- _What to do_: Stop after the line with "Textured slatted facade". Up to that point, output every line of the listing below exactly from the first one onward, skipping pictures.
===
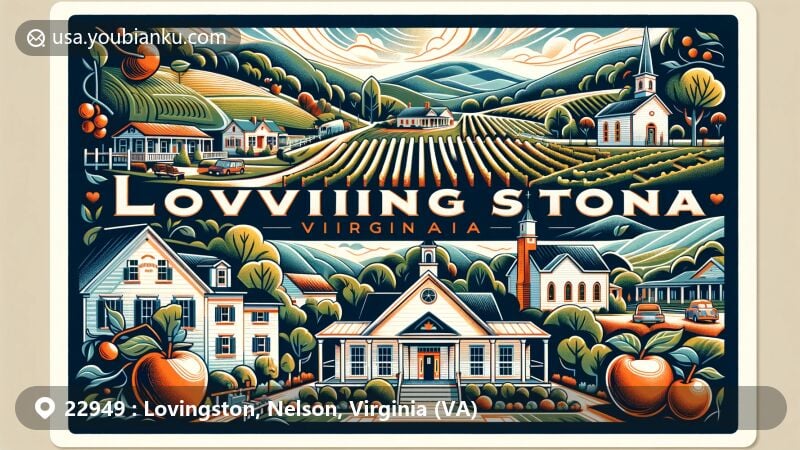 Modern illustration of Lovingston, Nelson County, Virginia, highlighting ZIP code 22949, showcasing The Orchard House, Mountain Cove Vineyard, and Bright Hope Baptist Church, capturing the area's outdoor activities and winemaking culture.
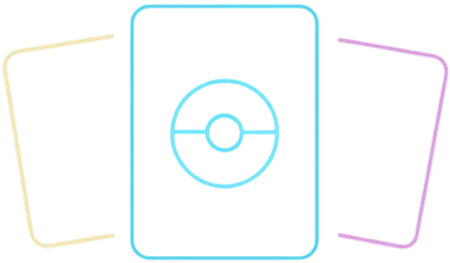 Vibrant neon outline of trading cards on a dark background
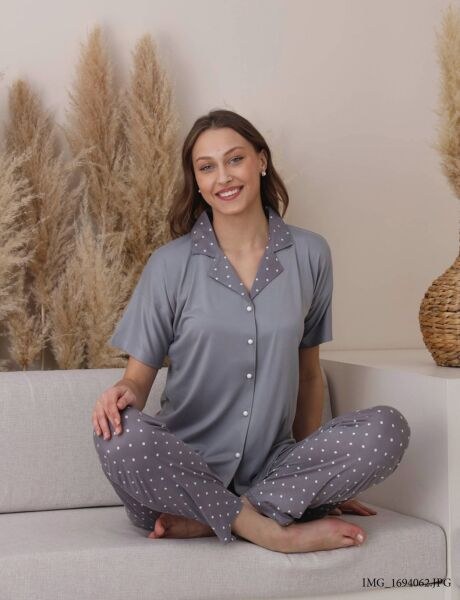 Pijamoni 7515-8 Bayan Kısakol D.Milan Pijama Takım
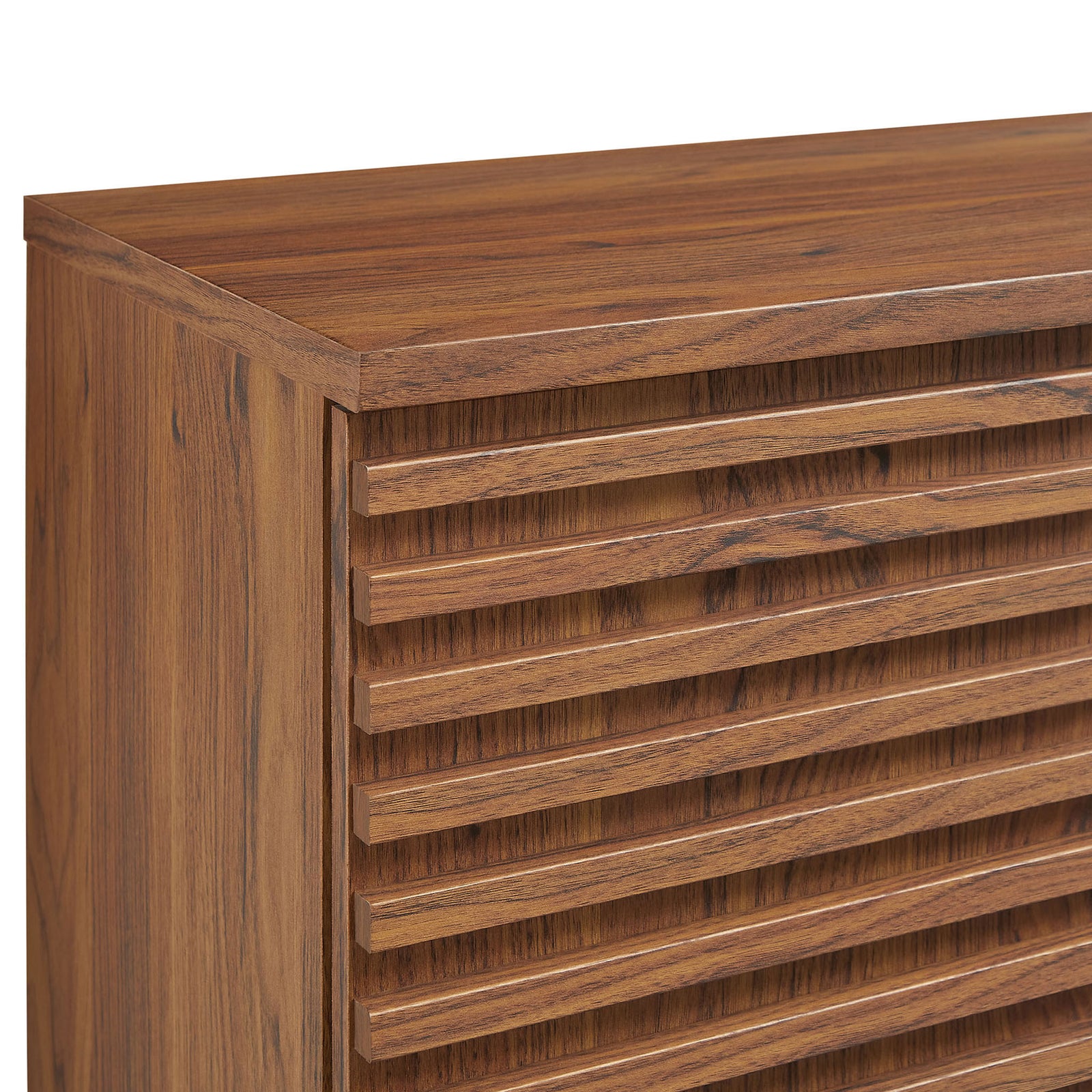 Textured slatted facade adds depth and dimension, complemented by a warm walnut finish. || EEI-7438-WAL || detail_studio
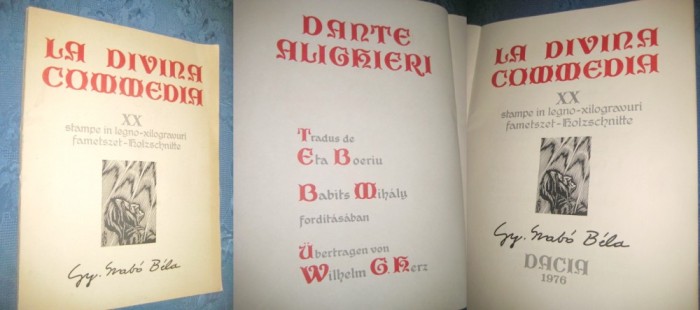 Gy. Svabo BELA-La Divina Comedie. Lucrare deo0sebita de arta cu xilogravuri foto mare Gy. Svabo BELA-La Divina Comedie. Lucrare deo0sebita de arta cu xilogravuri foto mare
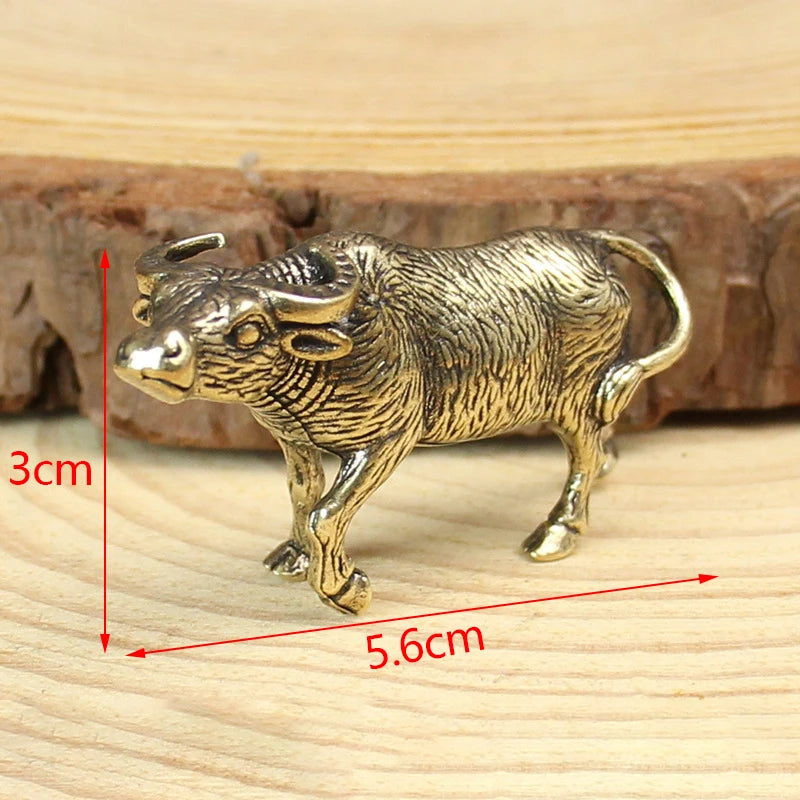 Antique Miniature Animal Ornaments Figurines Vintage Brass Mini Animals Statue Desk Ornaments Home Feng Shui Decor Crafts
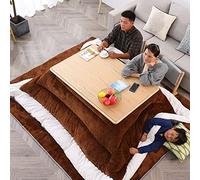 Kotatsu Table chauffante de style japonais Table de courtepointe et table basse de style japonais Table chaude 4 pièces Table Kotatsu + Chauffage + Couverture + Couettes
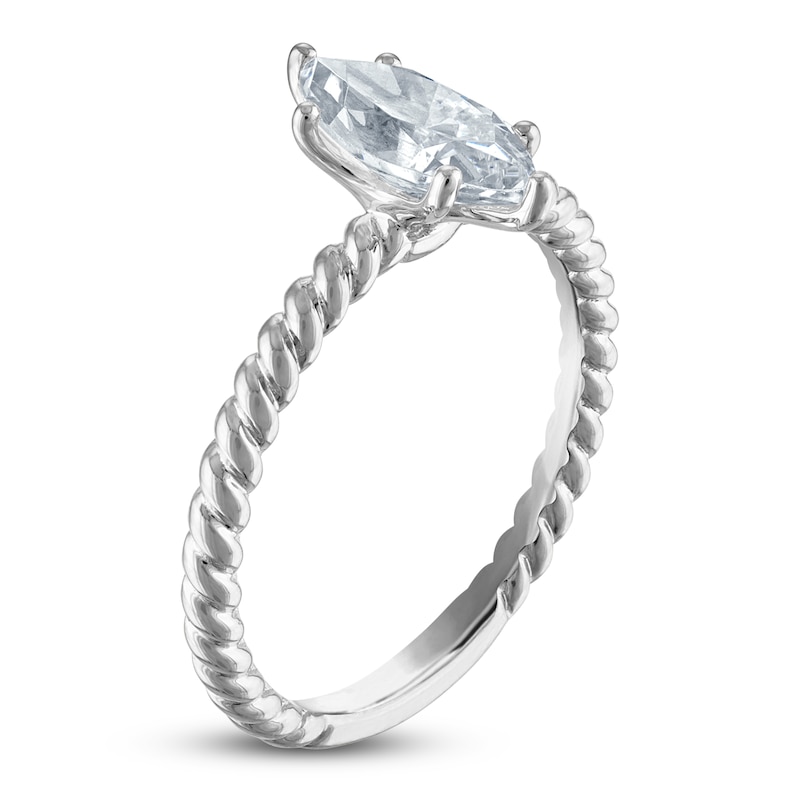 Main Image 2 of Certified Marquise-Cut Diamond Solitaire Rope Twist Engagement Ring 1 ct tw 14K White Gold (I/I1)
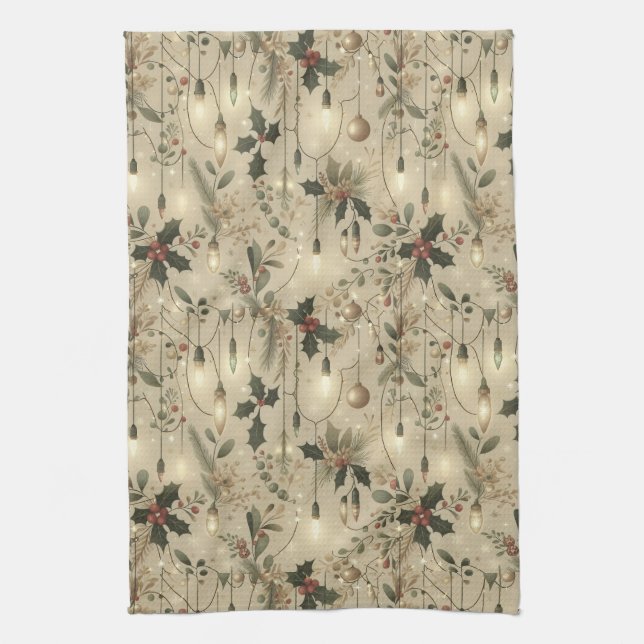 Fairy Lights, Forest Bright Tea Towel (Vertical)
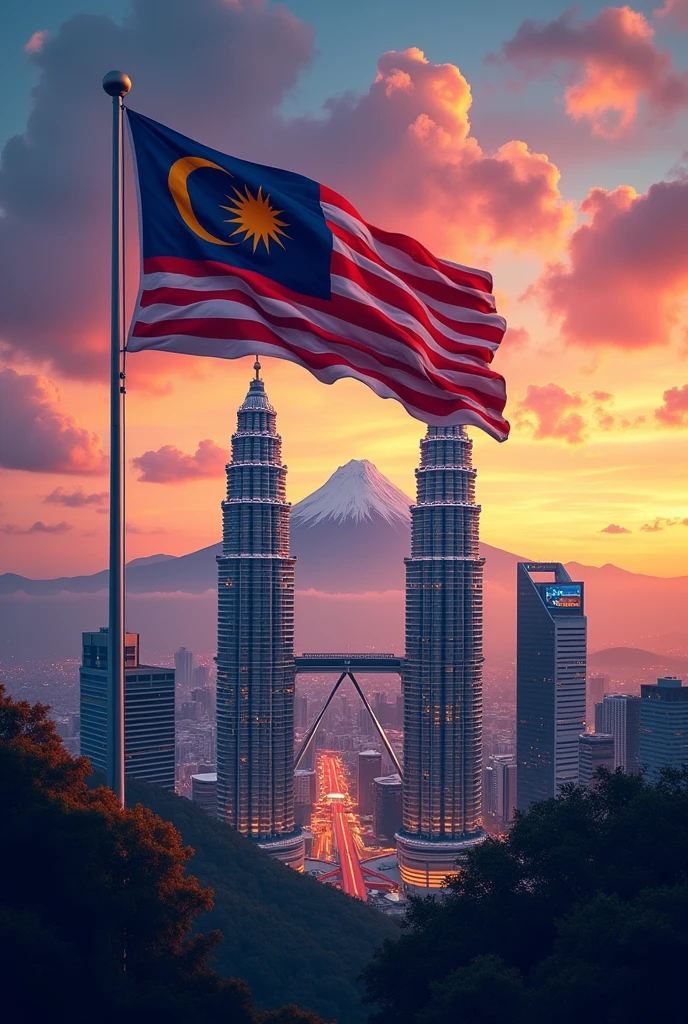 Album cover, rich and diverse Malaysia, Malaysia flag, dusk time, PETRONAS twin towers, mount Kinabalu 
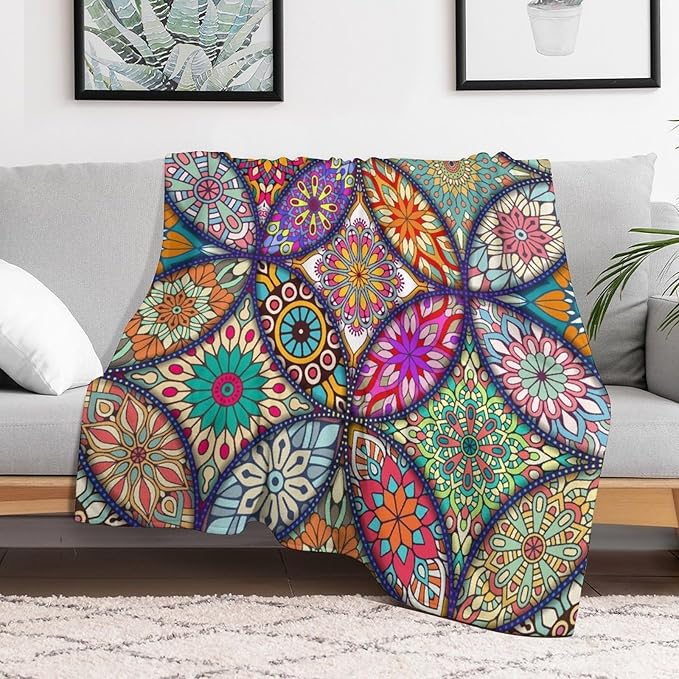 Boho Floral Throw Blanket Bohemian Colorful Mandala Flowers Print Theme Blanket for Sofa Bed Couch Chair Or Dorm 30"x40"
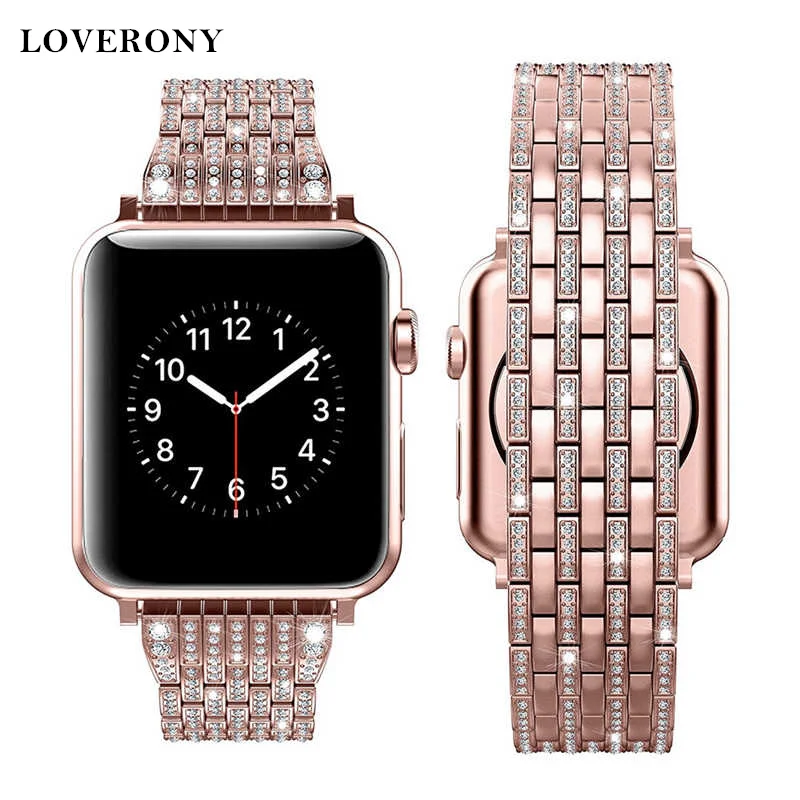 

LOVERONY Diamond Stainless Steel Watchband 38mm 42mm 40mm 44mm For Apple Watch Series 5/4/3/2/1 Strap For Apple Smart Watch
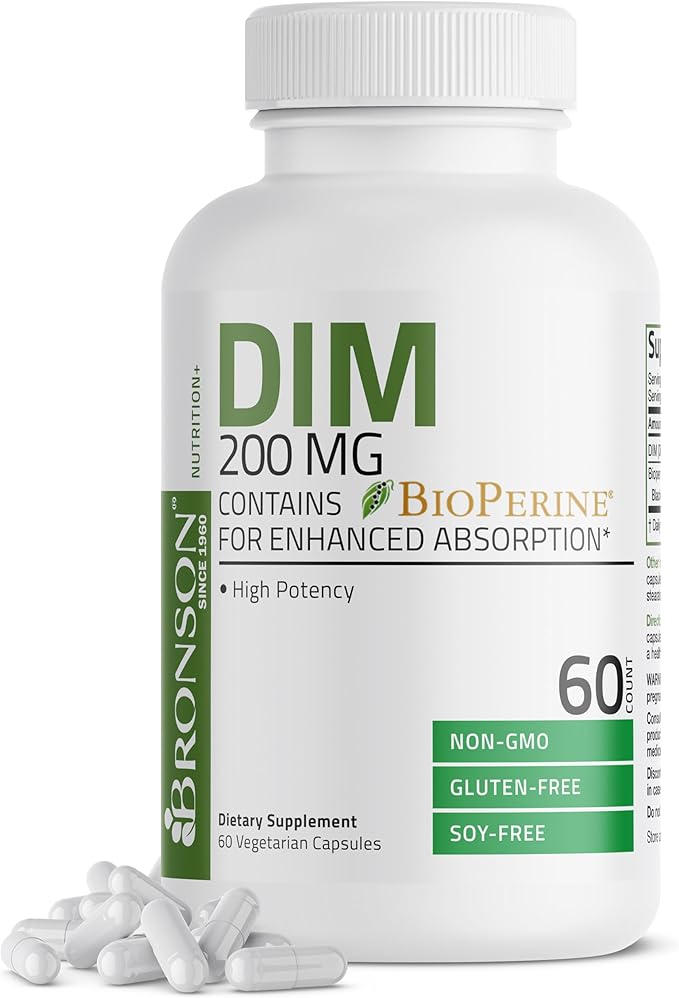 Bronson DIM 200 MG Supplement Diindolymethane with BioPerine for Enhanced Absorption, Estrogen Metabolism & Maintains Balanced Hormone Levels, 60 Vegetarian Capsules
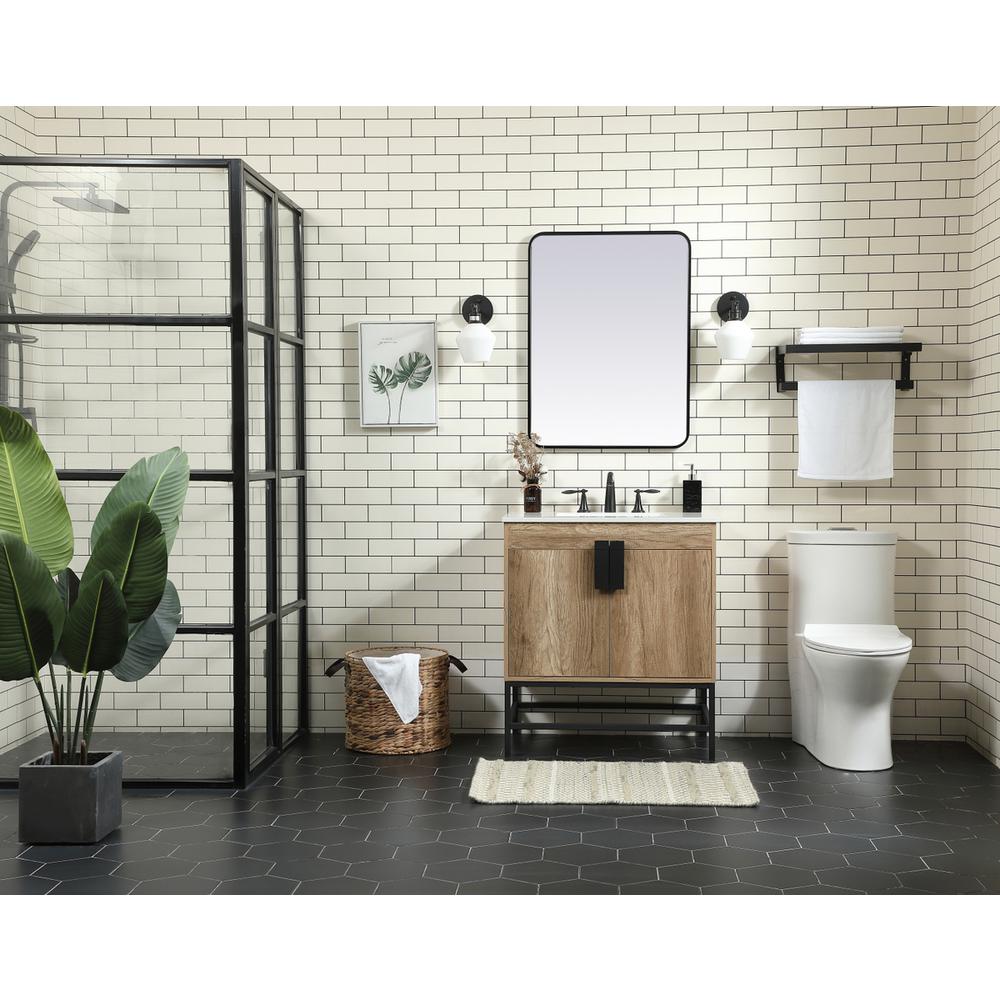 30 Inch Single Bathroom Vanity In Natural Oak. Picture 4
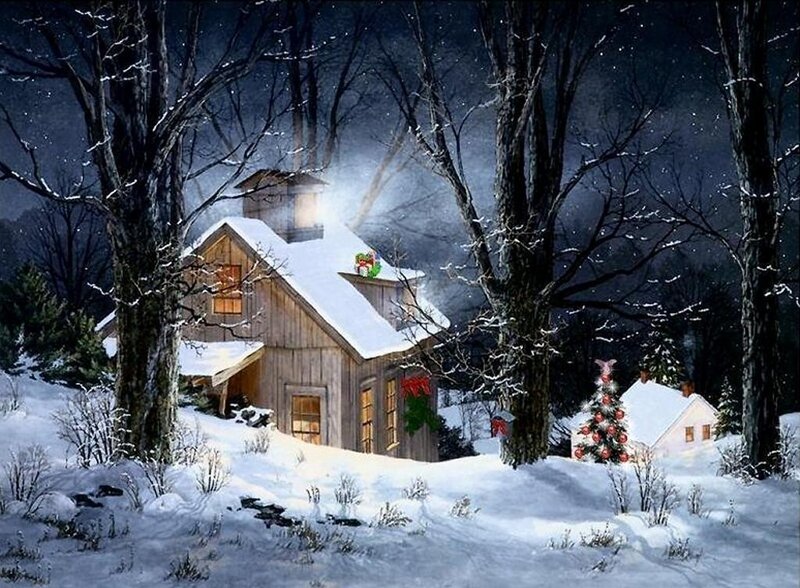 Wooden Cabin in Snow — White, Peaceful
===
- _Answer box_:
 Modern illustration of Lovingston, Nelson County, Virginia, highlighting ZIP code 22949, showcasing The Orchard House, Mountain Cove Vineyard, and Bright Hope Baptist Church, capturing the area's outdoor activities and winemaking culture.
 Vibrant neon outline of trading cards on a dark background
 Pijamoni 7515-8 Bayan Kısakol D.Milan Pijama Takım
 Textured slatted facade adds depth and dimension, complemented by a warm walnut finish. || EEI-7438-WAL || detail_studio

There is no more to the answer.